Altair: Creating a layered violin + stripplot
I'm trying to create a plot that contains both a violin plot and a stripplot with jitter. How do I go about doing this? I provided my attempt below. The problem that I have been encountering is that the violin plot seems to be invisible in the plots.
# 1. Create violin plot
violin = alt.Chart(df).transform_density(
"n_genes_by_counts",
as_=["n_genes_by_counts", "density"],
).mark_area(orient="horizontal").encode(
y="n_genes_by_counts:Q",
x=alt.X("Density:Q", stack="center", title=None),
)
# 2. Create stripplot
stripplot = alt.Chart(df).mark_circle(size=8, color="black").encode(
y="n_gene_by_counts",
x=alt.X("jitter:Q", title=None),
).transform_calculate(
jitter="sqrt(-2*log(random()))*cos(2*PI*random())"
)
# 3. Combine both
combined = stripplot + violin
I have a feeling that it could be a problem with the scaling of the X axis. That is, density is much, much smaller than jitter. If that's the case, how to I make jitter so that it's on the same order of magnitude as density? Would it be possible for someone to show me how to create a violin+stripplot given a column name n_gene_by_counts that belongs to some pandas dataframe df? Here's an example image of the kind of plot I'm looking for:
As you suspected, the different scales will make the violin very small in the stripplot unless you adjust for it. In your case, you have also accidentally capitalized Density:Q in the channel encoding, which means that your violinplot is actually empty since this channel doesn't exist. This example works:
import altair as alt
from vega_datasets import data
df = data.cars()
# 1. Create violin plot
violin = alt.Chart(df).transform_density(
"Horsepower",
as_=["Horsepower", "density"],
).mark_area().encode(
x="Horsepower:Q",
y=alt.Y("density:Q", stack="center", title=None),
)
# 2. Create stripplot
stripplot = alt.Chart(df).mark_circle(size=8, color="black").encode(
x="Horsepower",
y=alt.X("jitter:Q", title=None),
).transform_calculate(
jitter="(random() / 400) + 0.0052" # Narrowing and centering the points
)
# 3. Combine both
violin + stripplot
By using scipy, you could also lay out the points themselves in the shape of the violin, which I am personally quite found of (discussion in this issue):
import altair as alt
import numpy as np
import pandas as pd
from scipy import stats
from vega_datasets import data
# NAs are not supported in SciPy's density calculation
df = data.cars().dropna()
y = 'Horsepower'
# Compute the density function of the data
dens = stats.gaussian_kde(df[y])
# Compute the density value for each data point
pdf = dens(df[y].sort_values())
# Randomly jitter points within 0 and the upper bond of the probability density function
density_cloud = np.empty(pdf.shape[0])
for i in range(pdf.shape[0]):
density_cloud[i] = np.random.uniform(0, pdf[i])
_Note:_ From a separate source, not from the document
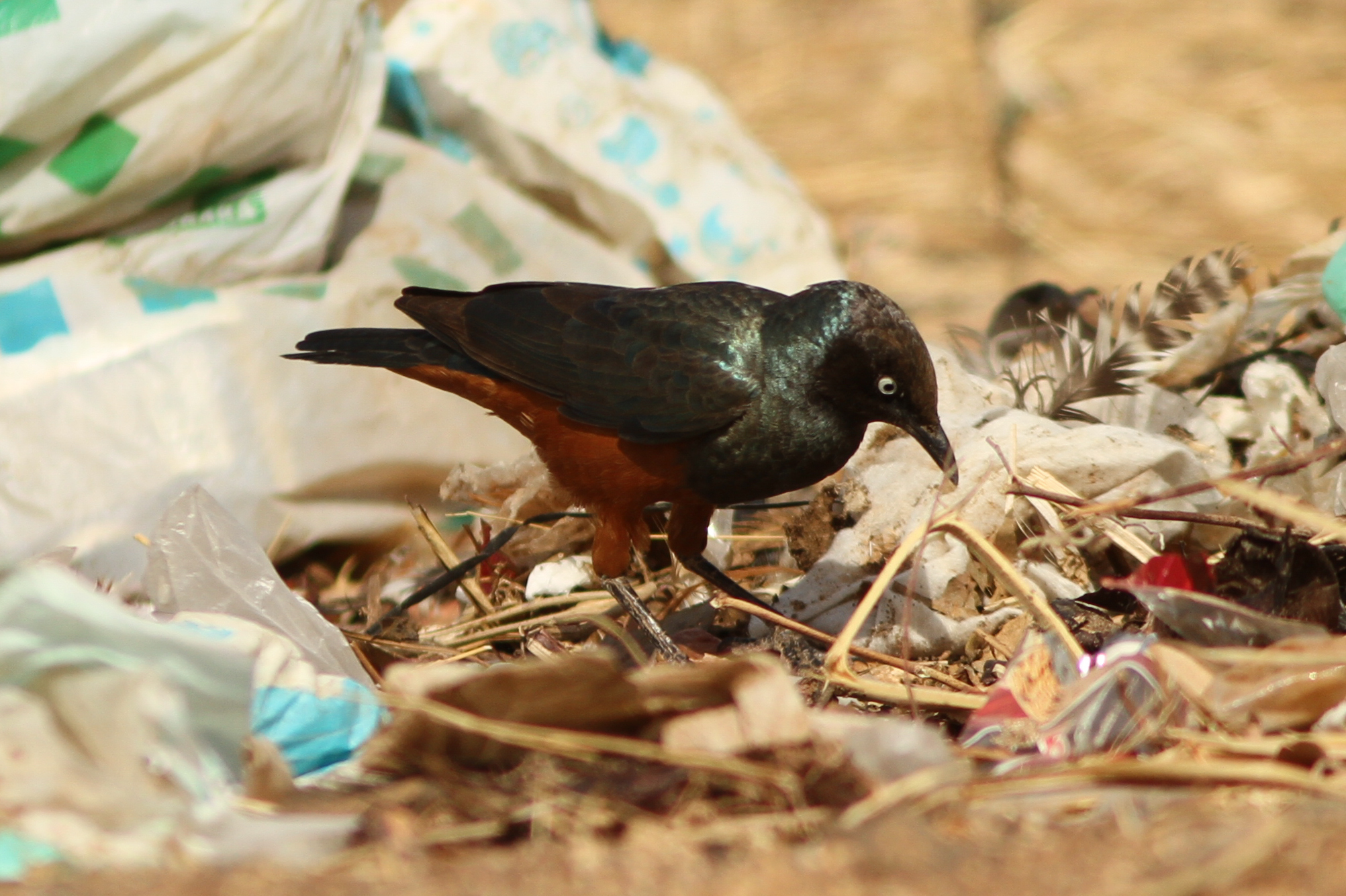 Chestnut-bellied Starling illustration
# To create a symmetric density/violin, we make every second point negative
# Distributing every other point like this is also more likely to preserve the shape of the violin
violin_cloud = density_cloud.copy()
violin_cloud[::2] = violin_cloud[::2] * -1
# Append the density cloud to the original data in the correctly sorted order
df_with_density = pd.concat([
df,
pd.DataFrame({
'density_cloud': density_cloud,
'violin_cloud': violin_cloud
},
index=df['Horsepower'].sort_values().index)],
axis=1
)
# Visualize using the new Offset channel
alt.Chart(df_with_density).mark_circle().encode(
x='Horsepower',
y='violin_cloud'
)
Both these approaches will work with multiple categoricals without faceting in the next version of Altair when support for x/y offset channels are added.